Monday, August 27, 2012

1981 TOPPS JOE CHARBONEAU


A MAN OF MANY, MANY TALENTS.



LOST IN IT ALL WAS THE GUY COULD PLAY WHEN HEALTHY.



THE FRONT PAGE

  • Super Joe Charboneau was the Mark Fidrych of position players. Like Fidrych, the 1976 AL Rookie of the Year, Charboneau was eccentric and took the game by storm, hitting .289, 23 homers and driving in 87 and earning Rookie of the Year in '80. Like The Bird, it was all downhill from there.

THE BACK PAGE

  • Go Go Joe Charboneau rose to No. 3 in the charts in Cleveland. Who's the newest guy in town?/Go Joe Charboneau/Turns the ballpark upside down/Go Joe Charboneau/Who's the one to keep our hopes alive, straight from the seventh to the pennant drive?/Raise your glass, let out a cheer for Cleveland's Rookie of the Year! 
  • Songwriting on par with Let It Be, huh?

PHOTO PLAY

  • Looks like a well-mannered gentleman, doesn't he?

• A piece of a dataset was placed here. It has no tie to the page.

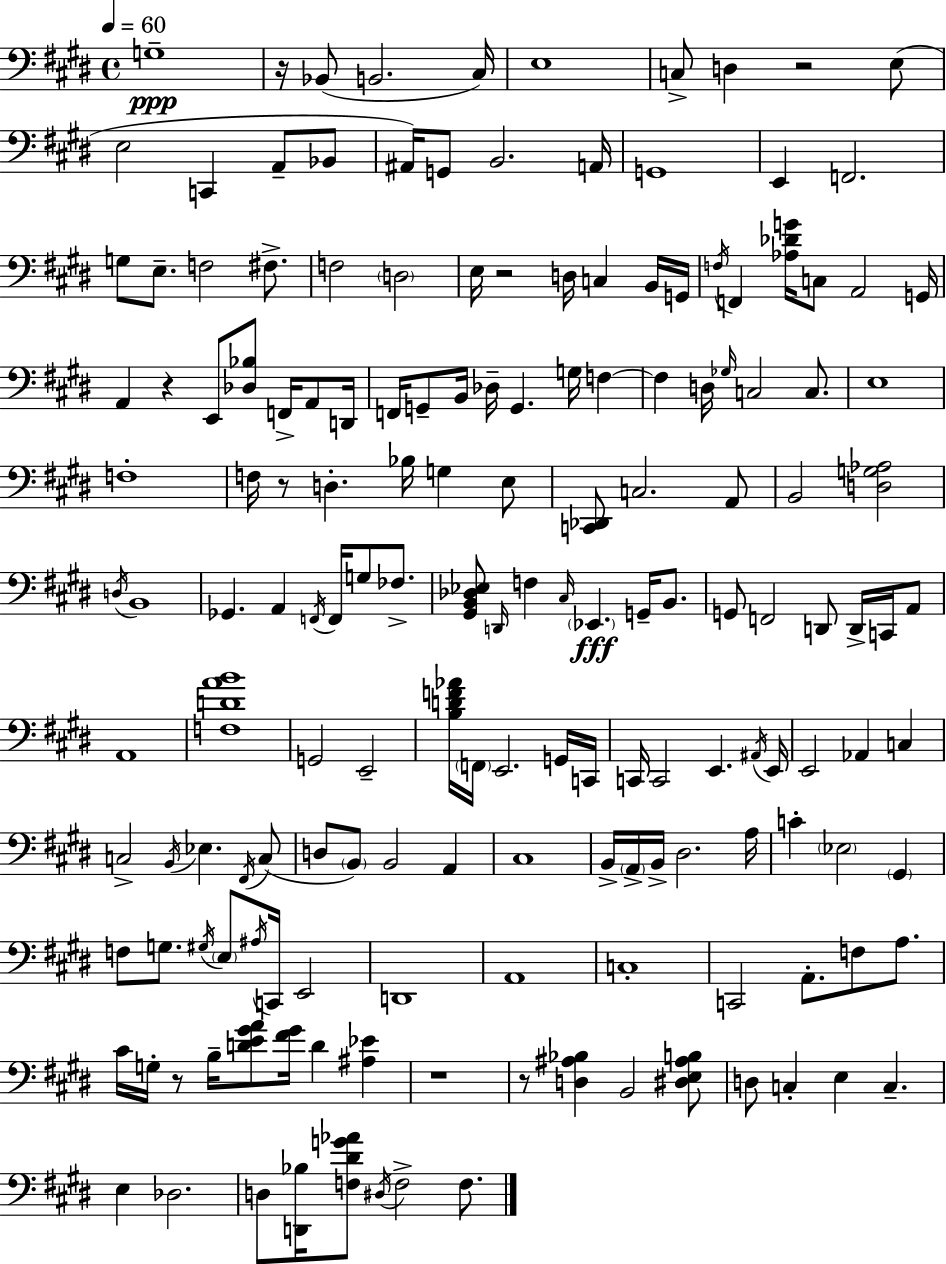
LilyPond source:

Looks were deceiving.

EXTRA, EXTRA

  • Charboneau's rookie campaign didn't begin well and it was a sign of wild times ahead: During an exhibition game in Mexico, he was stabbed with a pen knife by a fan. He suffered a four-inch wound and the knife hit a rib. The fan was arrested and fined 50 pesos ($2.27). If he would've killed him, he would've owed $4.46. 
  • The stabbing was one of many off-the-field incidents and alcohol-fueled stunts for a character who's had a guardian angel perched on his shoulder for some time.
  • Among many talents, he was known to open beer bottles with his eye socket and drink the grog through his nose. Surely, that impressed the local lassies and horrified optometrists and ENT specialists the world over.
  • Additional hijinks included eating cigarettes, cutting a tattoo off his body with a razor and once trying to straighten a broken nose with a pair of pliers and some whiskey. Something tells me he never backed down from a dare, except maybe, "I dare you not to drink that.''
  • Baseball-wise, he was a late-bloomer, originally being signed by Minnesota in '76 in the sixth round. He didn't sign and was taken by Philadelphia in the supplemental draft and sent to Class A. He quit Carolina League affiliate Peninsula after 12 games and went home to Belvidere, Ill., to play softball because I guess it paid more or offered better vision. The Twins signed him and he raked at Class-A Visalia in the California League in '78 but was traded to Cleveland after getting into, surprise of all surprises, a barroom brawl.
  • Continue his torrid hitting at Double-A Chattanooga in '79 and made it to Cleveland the next year when Andre Thornton injured his knee.
  • It all started coming apart when this card came out in '81, when during spring training, he injured his back during a head-first slide. He was sent to the minors by midseason after hitting .214 with two homers and nine RBI. He would end up having two unsuccessful back surgeries.
  • He was released the following season after telling fans at Triple-A Buffalo to Go Go screw themselves with an obscene gesture. Pittsburgh eventually signed him but he never made it back to the majors. 
  • Just to prove he hasn't matured, Super Joe was in a barroom fight as recently as 2010.